### EXERCISE AIM
Below are the entries. Print only the lines starting at the one with "Play_Glos's tweet image." and ending at the one with "#ChildLedPlay #TimeToBe #Play2Nurture", exactly, with no pictures.

### EXERCISE DATA
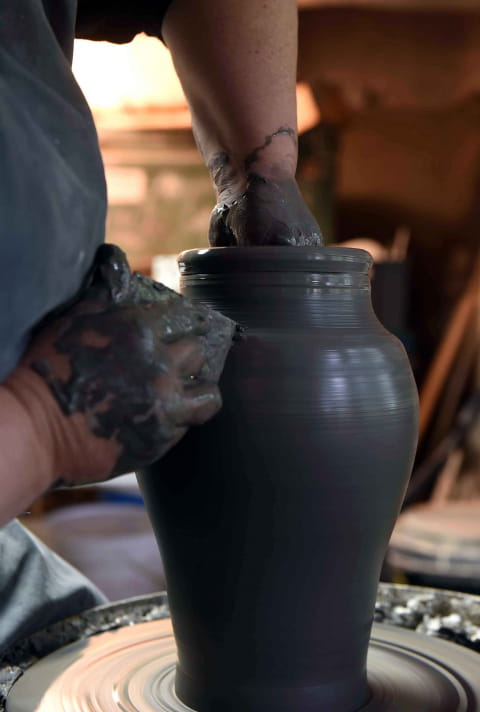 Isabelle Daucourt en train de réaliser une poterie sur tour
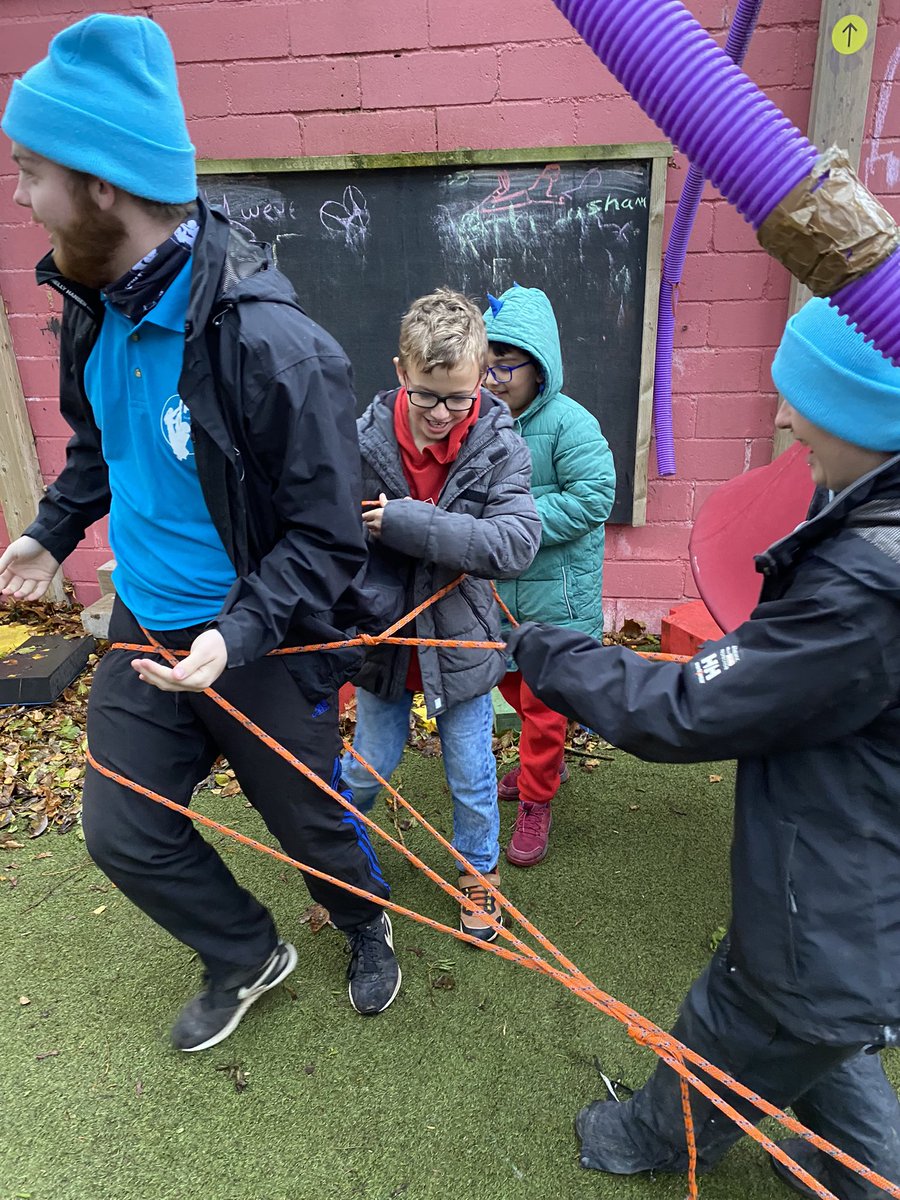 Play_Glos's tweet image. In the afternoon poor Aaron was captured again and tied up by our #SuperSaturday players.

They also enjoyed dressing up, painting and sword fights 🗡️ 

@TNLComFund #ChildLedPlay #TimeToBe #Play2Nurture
* * *
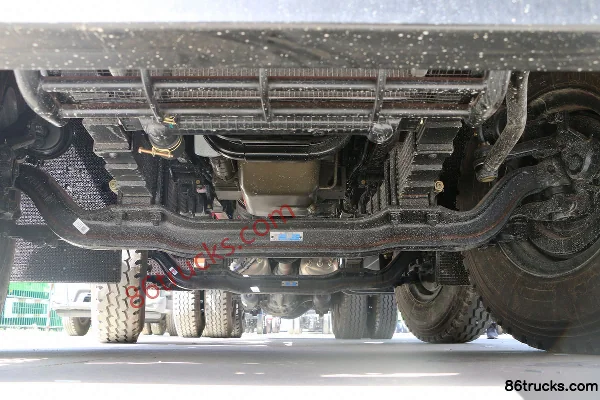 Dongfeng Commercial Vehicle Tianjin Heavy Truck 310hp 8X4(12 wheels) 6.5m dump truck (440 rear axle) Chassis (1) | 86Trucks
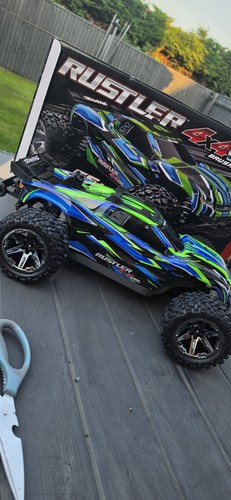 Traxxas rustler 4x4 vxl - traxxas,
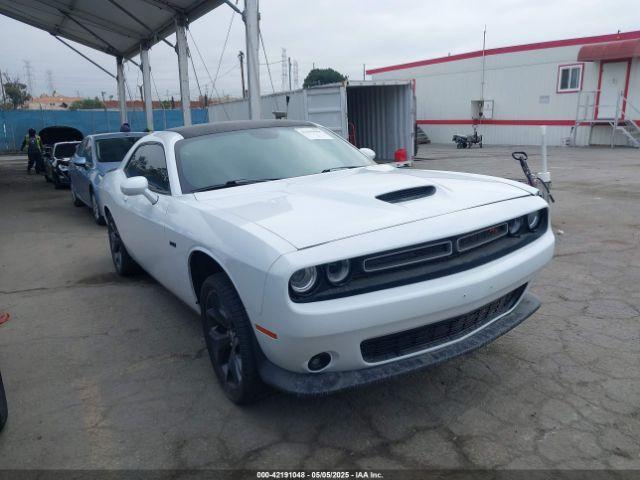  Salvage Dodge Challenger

### ANSWER SPACE
 Play_Glos's tweet image. In the afternoon poor Aaron was captured again and tied up by our #SuperSaturday players.

They also enjoyed dressing up, painting and sword fights 🗡️ 

@TNLComFund #ChildLedPlay #TimeToBe #Play2Nurture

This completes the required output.